How Many Leakers Came Before Snowden?

Assume it's really true that the NSA has no idea what documents Snowden took, and that they wouldn't even know he'd taken anything if he hadn't gone public. The fact that abuses of their systems by NSA officers were largely discovered through self-reporting substantiates that belief.

Given that, why should anyone believe that Snowden is the first person to walk out the NSA's door with multiple gigabytes of classified documents? He might be the first to release documents to the public, but it's a reasonable assumption that the previous leakers were working for Russia, or China, or elsewhere.

Posted on August 29, 2013 at 1:13 PM • 37 Comments

Comments

anonymousAugust 29, 2013 1:37 PM

on another article

"The NSA still doesn’t know exactly what Snowden took. But its forensic investigation has included trying to figure out which higher level officials Snowden impersonated online to access the most sensitive documents .... Investigators are looking for discrepancies between the real world actions of an NSA employee and the online activities linked to that person’s computer user profile"

So this is a log monkey job of finding every users that were impersonated

bryanAugust 29, 2013 1:53 PM

Prior to this Snowden fiasco, I assumed a level of competence within the NSA. If they still haven't determined what was taken one would have to conclude they are, in the main, incompetent.

David GerardAugust 29, 2013 1:54 PM

New NBC story says:

“Every day, they are learning how brilliant [Snowden] was,” said a former U.S. official with knowledge of the case. “This is why you don’t hire brilliant people for jobs like this. You hire smart people. Brilliant people get you in trouble.”

http://investigations.nbcnews.com/_news/2013/08/...

Man. NSA jokes really need to have the punchline "one who can read, one who can count, and one to keep an eye on the two intellectuals."

KorayAugust 29, 2013 2:05 PM

I didn't think that anybody thought that there'd never been another leak. Secret services have never worked on the assumption that there'd be absolutely no switching sides and double agents.

That NSA have no idea of what Snowden took is probably disinformation.

shallowthroatAugust 29, 2013 2:18 PM

What about NISP?

http://en.wikipedia.org/wiki/...

Seems they don't comply with their own rulebook. This leak, however far-fetched it sounds, looks intentional, done on purpose. Some deep actors gave the keys to kingdom to Snowden. There's no way this could happen if things are done according to NISPOM, and NSA probably has something even more stringent.

michaelAugust 29, 2013 2:27 PM

If Russia had a lot of these documents before Snowden came along, that would be a valuable asset that is greatly depreciated by the leaks.
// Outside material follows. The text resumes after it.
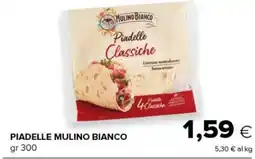 Tigre Piadelle Mulino Bianco Classiche offerta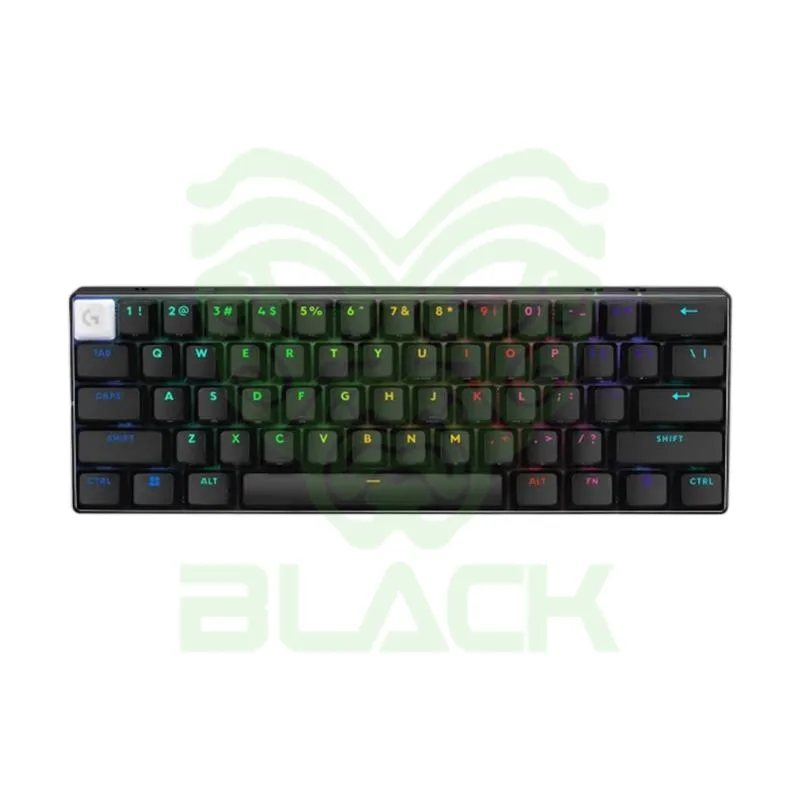 TECLADO GAMING LOGITECH G PRO X60 TKL LIGHTSPEED INGLÉS BLACK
I guess that could give a new motivation behind Putin's desire for Snowden not to leak any more information as a condition for asylum.

Stephen SmoogenAugust 29, 2013 2:28 PM

Internally their counter intelligence people are going to always assume that there are leaks and that probably 1 in 100 or so employees are on the take to some other agency (most of them are just leaking to other federal agencies.. maybe 1 in 10,000 are leaking externally.)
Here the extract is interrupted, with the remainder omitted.